About PID's

On this page:

Identification of data (and associated metadata) throughout all stages of processing is really central in any RI. This can be achieved by allocating unique and persistent digital identifiers (PIDs) to data objects throughout the data processing life cycle. The PIDs allow unambiguous references be made to data during curation, cataloguing and support provenance tracking. They are also a necessary requirement for correct citation (and hence attribution) of the data by end users, as this is only possible when persistent identifiers exist and are applied in the attribution. In short, in today’s expanding “open data world”, PIDs are an essential tool for establishing clear links between all entities involved in or connected with any given research project

There are a range of different types of persistent identifiers available. ICOS has chosen to primarily work with those built on the Handle system (http://www.handle.net/), including PIDs from the European Persistent Identifier Consortium (ePIC; http://doc.pidconsortium.eu/) and DOIs (Digital Object Identifiers) from DataCite (https://www.datacite.org/). For people in ICOS, the Open Researcher and Contributor ID system (ORCID ; http://orcid.org) is recommended (required?).

Identifying data objects

In principle, one can say that if one can think of at least one situation in which someone will have to make a reference to a given digital object, then it needs to be registered and assigned its own unambiguous and unique identifier. The associated information in the registry needs to contain at least information about where the data object is located (can be a direct pointer to the storage location, or to a so-called landing page), who created it and when it was created. Other useful metadata includes size, checksum and (mime) type of the object.

DataCite DOIs have been used for scientific articles and reports for over a decade, and is therefore well known in the researcher communities. In ICOS, DOIs will be assigned to all published data objects (Level 2 and Level 3 - “citable data” in the Figure below), since these are the ones most likely to be referred to, or cited, in scientific contexts. All other data objects that are stored in the ICOS repository, including sensor data and Near Real Time data products, can be considered as “raw data” or “referable data” in the Figure.
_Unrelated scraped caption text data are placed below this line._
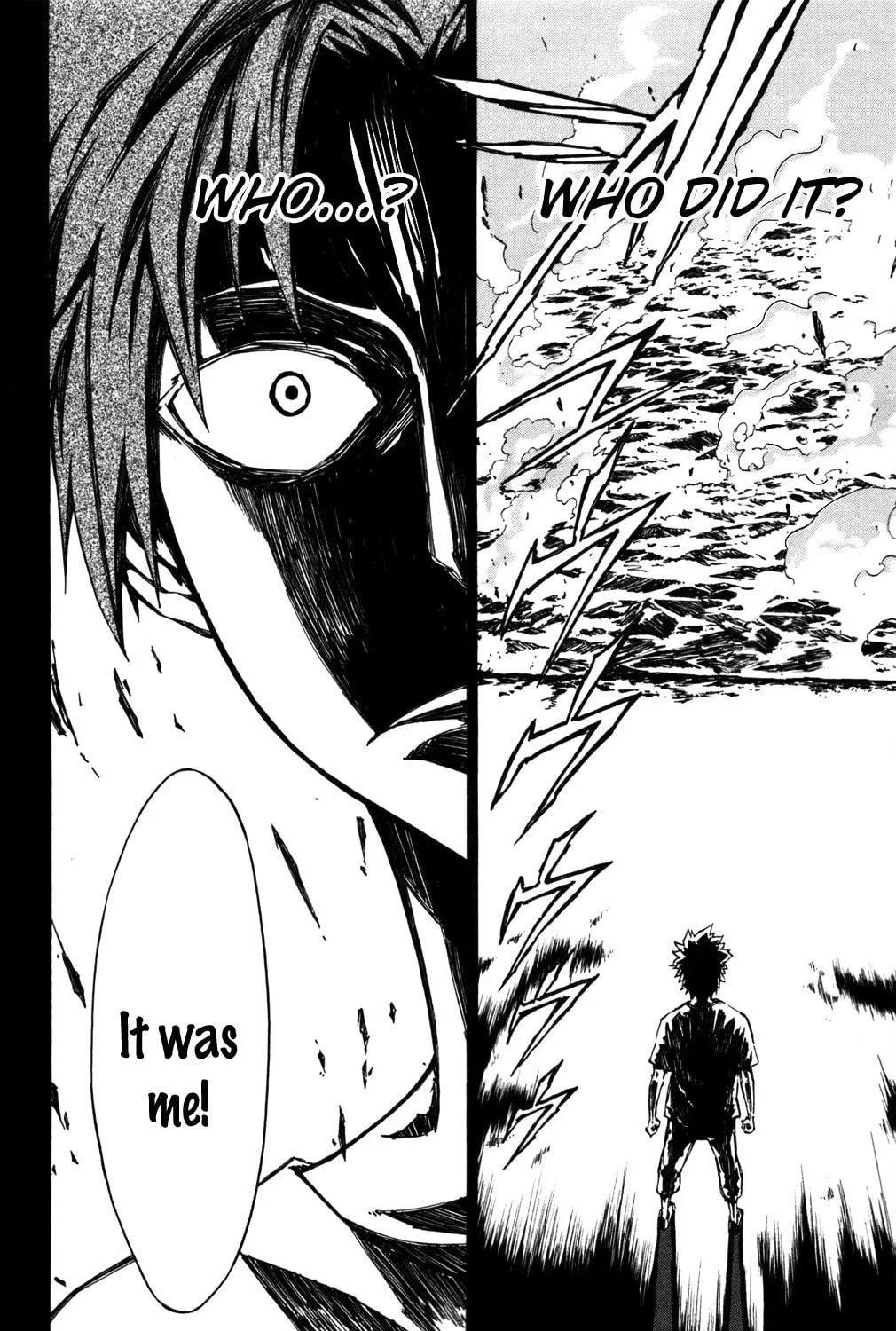 Sky Blue Chapter 8 page 3 - 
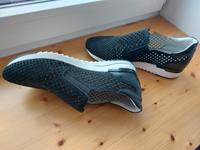 Sneaker schwarz glitzer Gr. 39 Bayern - Olching Vorschau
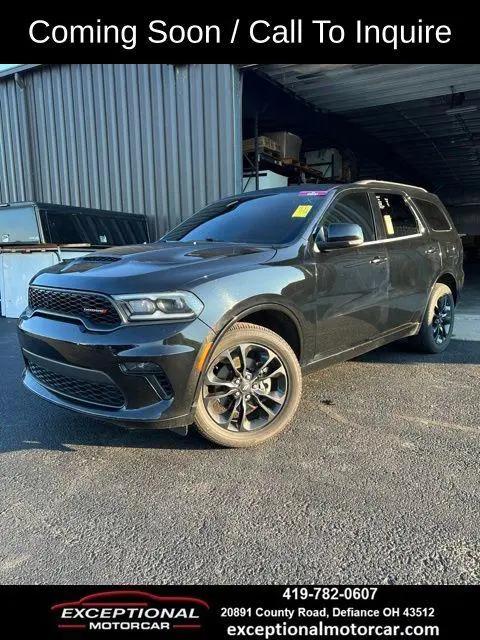 2021 Dodge Durango GT Plus AWD for sale in Defiance, OH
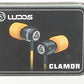 LUDOS Clamor Wired Earbuds in-Ear Headphones, 5 Years Warranty, Earphones with Microphone, Noise Isolating Ear Buds, Memory Foam for iPhone, Samsung, School Students, Kids, Women, Small Ears - Yellow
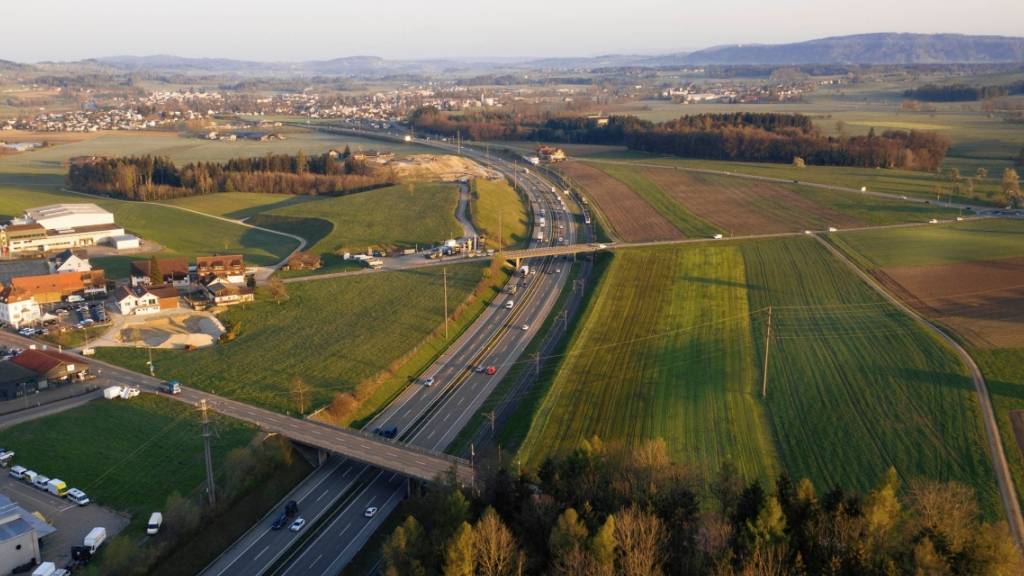 Auf dem Areal Wil West sollen in den kommenden 20 Jahren bis zu 3000 Arbeitsplätze geschaffen werden. Beteiligt sind die Kantone St. Gallen und Thurgau. (Archivbild)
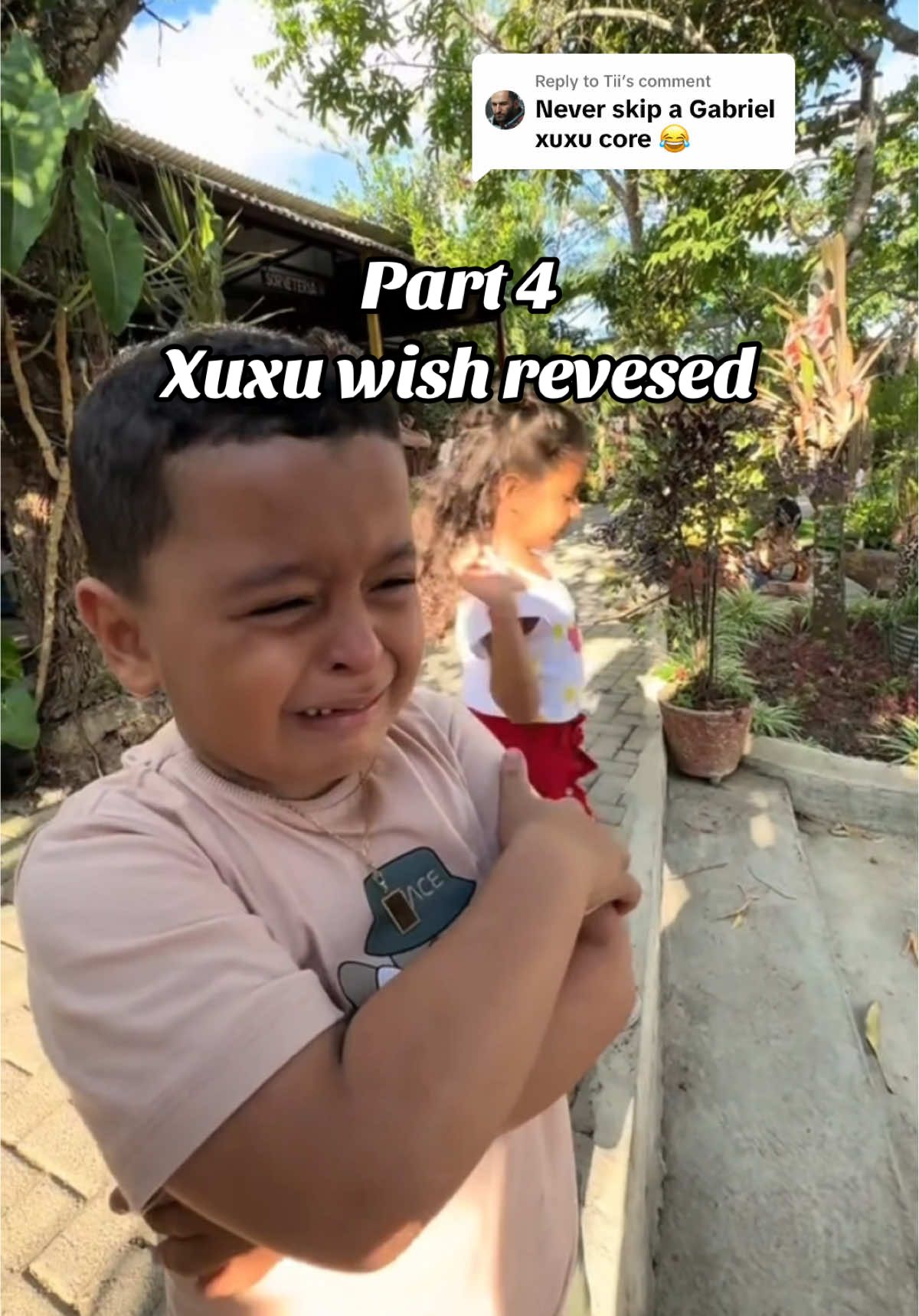 Replying to @Tii xuxu wish reversed😭 Gabriel vs xuxu continues #Gabrielcore #xuxugabriel 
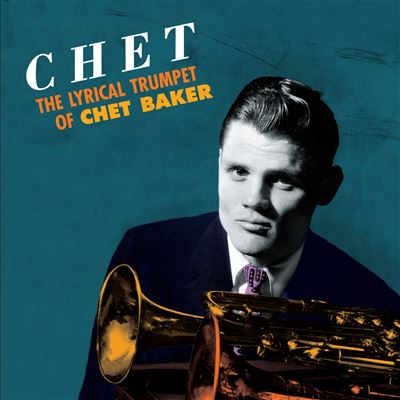 The Lyrical Trumpet Of Chet Baker - Front Cover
These will instead be assigned PIDs from ePIC. These PIDs are just as unique and persistent as the DOIs, and could very well be used for citing data in articles and reports - but they are primarily used for referencing data objects in work flows and provenance records.

Versioning of datasets

How to use PID’s in relation to different versions of a dataset, or dynamic datasets where new data is continuously added, is still under investigation.